4. Hire a Representative. Handling a tax case by yourself is usually a mistake. Hire an accountant or lawyer to handle it. Even simple audits can come off the rails or extend into other areas if you aren’t careful. See Should You Lawyer Up Against The IRS? You Bet.
5. Pay Taxes Later. Most tax planning involves timing. You want to accelerate tax deductions and defer tax payments, subject to constraints such as the constructive receipt doctrine. If you have a legal right to pay and say “pay me later,” it’s taxed now. But you can condition payment, such as refusing to sell your house or settle a lawsuit unless you are paid next year. See What To Buy And Expense Before Year End.
6. Pay Small Tax Bills. If you get a small tax bill, pay it even if the IRS is wrong. What’s “small” varies, but don’t risk an audit or dispute escalating by fighting over small dollars. See 5 Steps To Keep The IRS Out Of Your Hair.
7. Reply to Every IRS Letter Unless it Says Not To. This is common sense. Keep a good record. Often, fighting the IRS is about attrition. See Got A Tax Notice? Here’s What To Do.
8. Don’t Talk To the IRS if They Visit. If the IRS comes to your home or business, decline to speak and tell them your lawyer will call. Take their card and be polite but firm. See When IRS Criminal Agents Come Calling.
9. Don’t Lie. If you say anything to the IRS, don’t lie. See When IRS Criminal Agents Come Calling.
10. The IRS Can Audit for 3 Years. The usual IRS statute of limitations is 3 years after you file your return. If you understate your income by 25% or more, the IRS gets 6 years. See IRS Statute Of Limitations—Is Your Return Safe?
11. Keep Your Records for 7 Years. Tax records are important. See Keep Tax Records In The Vault!
12. Keep Your Old Tax Returns Forever. Although you can probably throw out most tax records after 6 years, keep copies of your returns themselves forever. See Tax Return Filed? Now Consider Your Records.
13. Avoid Amending Tax Returns. Don’t take amending tax returns lightly. Amended returns have a high audit rate, especially if they request a refund. See 5 Simple Rules to Follow When Amending Your Tax Return.
14. You Usually Don’t Have to Amend Your Return. The IRS says you “should” amend your return if you discover a mistake after it’s filed. But there’s no legal obligation. The only time you really must amend is if you knew at the time you filed the original return that it was false. See Five More Tips For Amending Tax Returns.

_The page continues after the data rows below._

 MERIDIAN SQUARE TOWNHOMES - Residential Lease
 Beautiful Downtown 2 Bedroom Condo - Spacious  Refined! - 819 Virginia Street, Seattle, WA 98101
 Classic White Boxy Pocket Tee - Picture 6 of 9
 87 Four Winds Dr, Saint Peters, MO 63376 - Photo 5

15. If You Amend, You Can’t Cherry-Pick. If you decide to amend, you can’t cherry-pick which items to fix. The amended return must correct everything, not just the items in your favor.

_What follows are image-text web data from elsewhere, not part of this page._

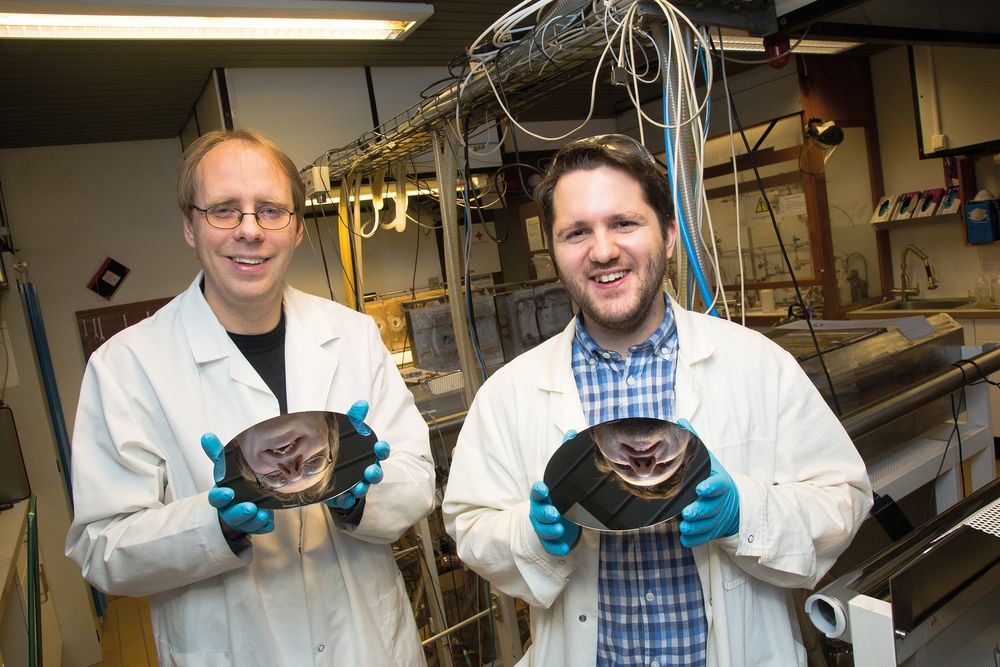 Ola Nilsen og Knut Bjarne Gandrud ved Kjemisk institutt ved Universitetet i Oslo forsker på nye materialer som kan gi bedre oppladbare batterier.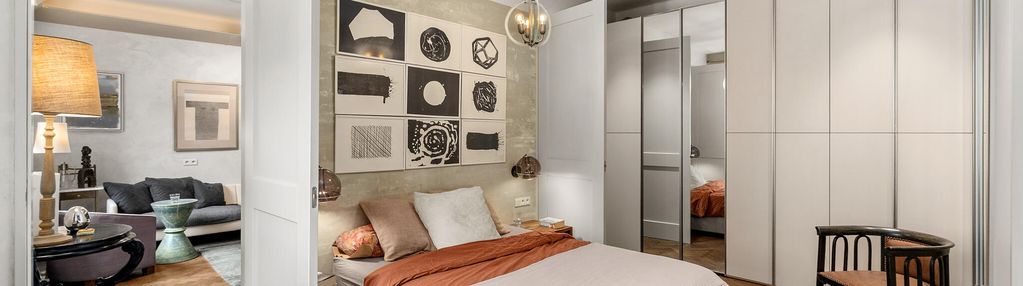 Apartament z balkonem według autorskiego projektu wnętrz.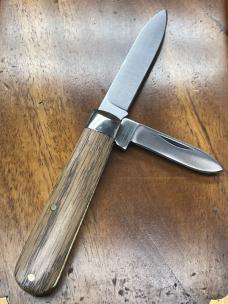 A Wright & Son 2-Blade English Jack knife with Spear Point and Pen blades with Rosewood Covers A Wright & Son 2-Blade English Jack knife with Spear Point and Pen blades with Rosewood Covers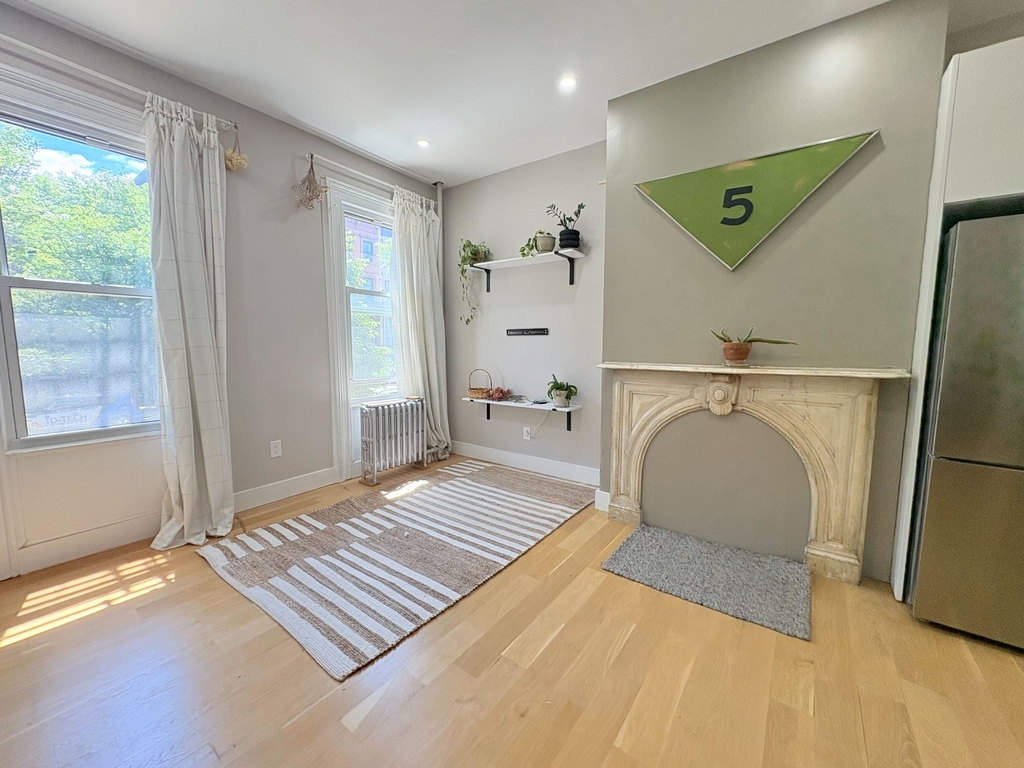 135 Quincy Street - Photo 6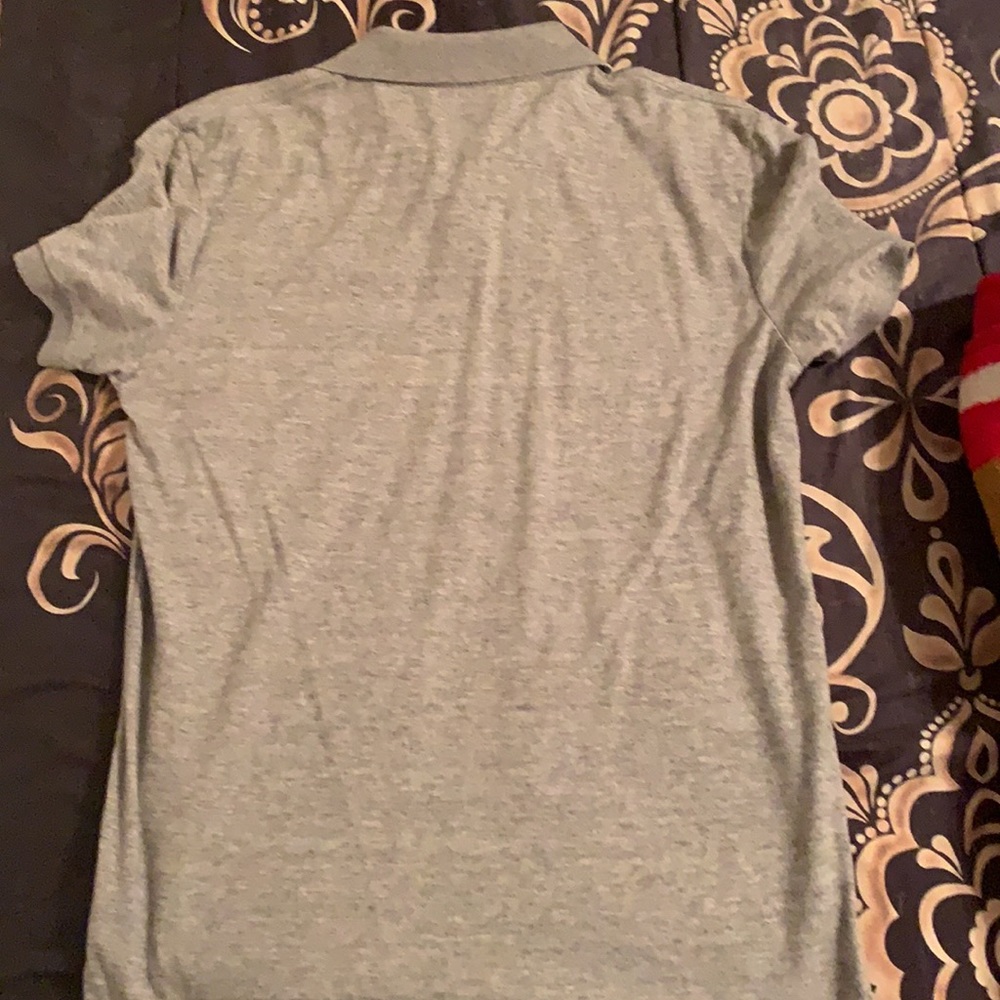 Lightly used, gray American Eagle polo. Size: slim fit Medium - Picture 2 of 3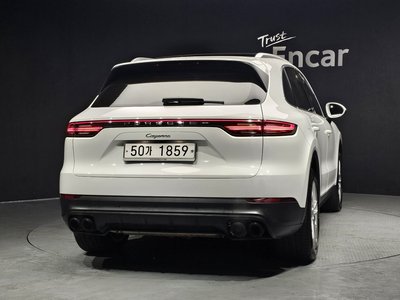 PORSCHE CAYENNE - 4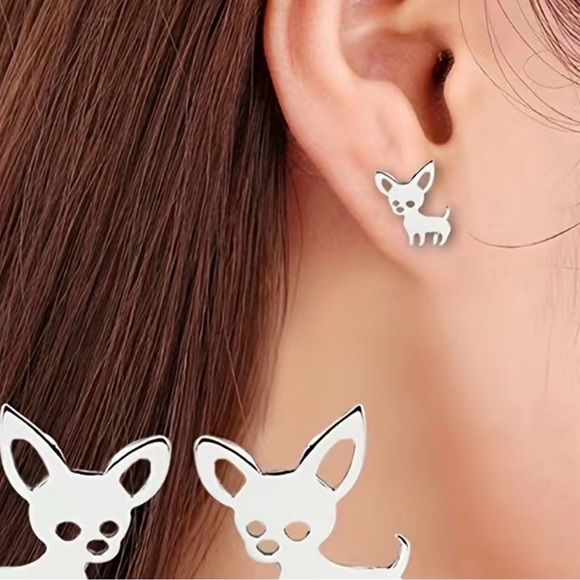 Chihuahua Dog NWT Stainless Steel Silver Earrings Unisex - Picture 2 of 7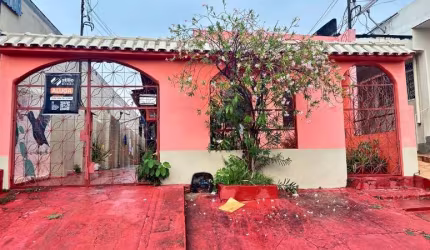 CASA PARA FINS COMERCIAIS NA PRAÇA 14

16. File Returns Even if You Can’t Pay. Many taxpayers don’t file on time because they don’t have the tax money. They would be much better off if they filed on time. Payment can come later, and might be the subject of an IRS installment agreement. Penalties too will likely be smaller if you file on time.

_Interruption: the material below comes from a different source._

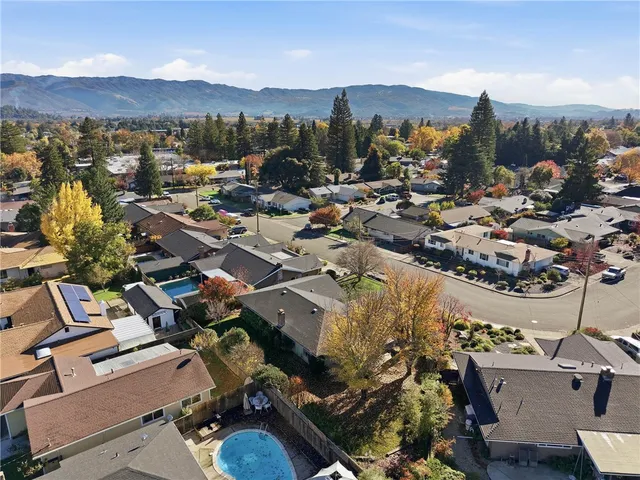 $599,000 | 464 Nokomis Drive, Ukiah, CA 95482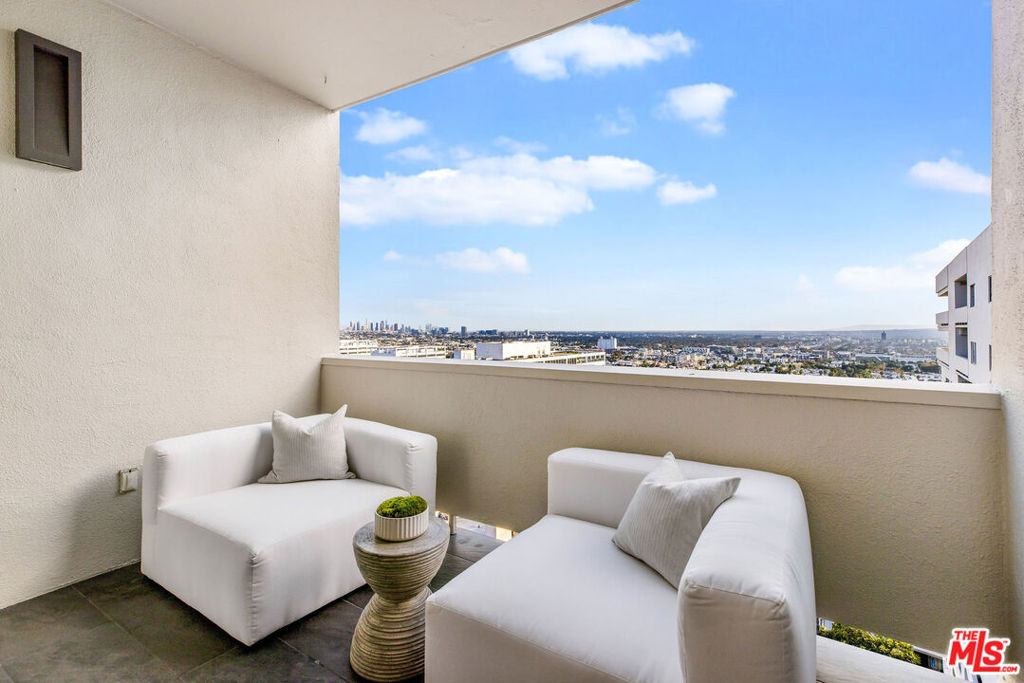 Residential Lease for rent at 7250 Franklin Avenue 1204, Los Angeles, Los Angeles County CA featuring 2 beds and 2 baths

17. Don’t Explain Too Much. Tax returns should be concise. If an explanation or disclosure is needed, keep it succinct. See Five Must-Do Steps Before Filing Your Taxes.
18. Don’t Attach Too Much. Attachments to tax returns should be limited to tax forms and, where required, plain sheets of paper listing additional deductions, income, etc. Don’t attach other documents. If the IRS wants documents it will ask. See Shhh, Home Office And Other IRS Audit Trigger Secrets.
19. Be Careful With Big Refunds. Getting a refund? Consider applying it to next year’s tax payments rather than asking for the cash, especially if it is large. You’ll have a lower profile with an initial or amended return. See Getting A Tax Refund? Ten Things To Know.
20. Get Some Advice. Whether you need practical procedural advice about a Tax Refund Too Good To Be True? Don’t Spend It, advice about Independent Contractor Or Employee: Why It Matters, or you already know why tax opinions are valuable, get some advice from someone with experience in your issue. And don’t wait until the last minute.